1964 yılında Ahmed Şukeyri’nin ön­derliğinde bir Filistin Kurtuluş Örgütü’kuruldu. Suriye’de iktidara Baas Partisi’nden mücadeleci bir yönetim kadrosu geldi. Bu arada Nasır da boş durmuyordu: İsrail’in kendisini çem­bere alınmış hissetmesine neden olan çeşitli girişimlerde bulundu. Bunalım, 1967’de Nasır’ın Sina’ya, kuvvet göndermesi, Mavi Bereliler’in bölgeden ayrılmasını sağlaması ve Akabe körfezinin ağzındaki Tiran boğazını kapatmasıyla patlak verdi; İsrail de bunu savaş nedeni saydı.

Altı yılda iki savaş

5 Haziran 1967’de harekete geçen İsrail, Mısır hava kuvvetlerinin büyük bölümünü yerde yok etti. Ardından bir harekâta girişerek altı gün içinde Sina’yı, Maveraiürdün ve Kudüs’ün bütünüyle Suriye tarafındaki Golan tepelerini işgal etti. Bu “Altı Gün Savaşı”ndan sonra hiçbir barış anlaşması yapıl­madı; tersine, Filistinliler sorununa bir de işgal edilmiş (ve yönetim altına alınmış) topraklar sorunu eklendi. İsrail, Güvenlik Konseyi’nin 22 Ka­sım 1967 tarihinde aldığı, yönetim altına almış olduğu topraklardan çe­kilmesi kararını uygulamayı reddet­ti; çünkü bu toprakları kendi güvenli­ği açısından gerekli saymaktaydı. 1969-1970’te Nasır’ın Süveyş kana­lında sürdürdüğü yıpratma savaşı, G. Jarring’in arabuluculuğu ya da Rogers planı, askıya alınan durumun düzelmesine yaramadı. Artık ön pla­na Filistinlilerin kurdukları örgütle­rin saldırı eylemleri geçmişti.

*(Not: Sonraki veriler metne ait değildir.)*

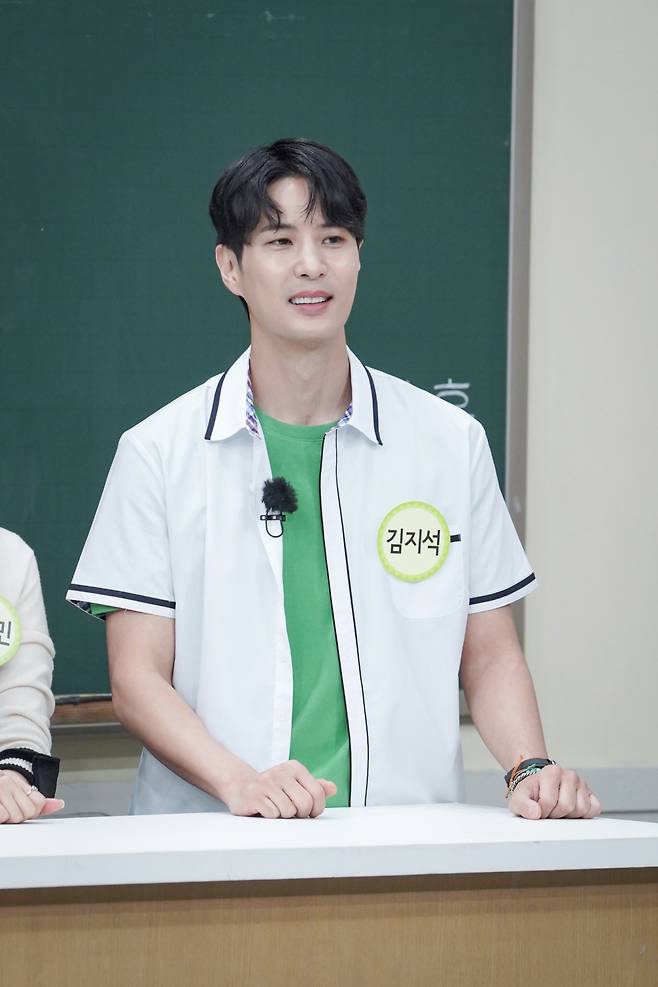 According to JTBC on December 12, JTBC entertainment program Knowing Bros will feature JTBC new drama Monthly House starring actors Chae Jung-an, Kim Ji-seok and Jung So-min as former students.In the recent Knowing Bros shooting, Kim Ji-Seok attracted attention by introducing his past relationship with Knowing Bros member Kang Ho-dong.He said Kang Ho-dong made his entertainment character Bad Boy during the MTV Video Music Award for Best New Artist.As soon as the episode seemed to end with a warm hearted story, Kim Ji-seok laughed at the end of the story by mimicking the appearance of Kang Ho-dong, who had manipulated him (?).Kim Ji-seok also likened the appearance of Kang Ho-dong at the time to like a racehorse and gained sympathy from everyone.
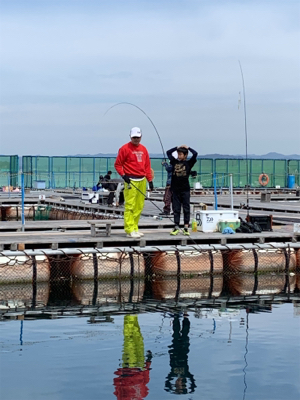 カタタの釣堀にて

6 Ekim 1973’te Mısır ve Suriye hare­kete geçerek dördüncü Arap-İsrail savaşını (ya da Kippur savaşı) başlat­tılar. Baskına uğrayan İsrail orduları, önce yenildiler; ama sonra karşı sal­dırıya geçerek Süveyş kanalını aştı­lar ve Mısır ordusunun geri hatlarla bağlantısını kestiler. A.B.D. ve S.S.C.B’nin aracılığıyla 22 Ekimde ateşkes yapıldı ve İsraillilerle Araplar 1973 yılı aralık ayında Cenevre’de toplanan bir konferansta ilk kez bir araya geldiler. Bunu bir dizi olay izle­di: Mısır ile İsrail arasındaki buzlar çözüldü; bir uzlaştırma girişiminde bulunan A.B.D’li Kissinger 1975’te Mısır ile İsrail’in Sina’nın hiçbir yere bağımlı olmaması konusunda olduk­ça karmaşık bir anlaşma imzalamala­rını sağladı. Filistin Kurtuluş Örgütü çeşitli ülkeler ve Birleşmiş Milletler Örgütü tarafından resmen tanındı (1975); Siyonizm kınandı.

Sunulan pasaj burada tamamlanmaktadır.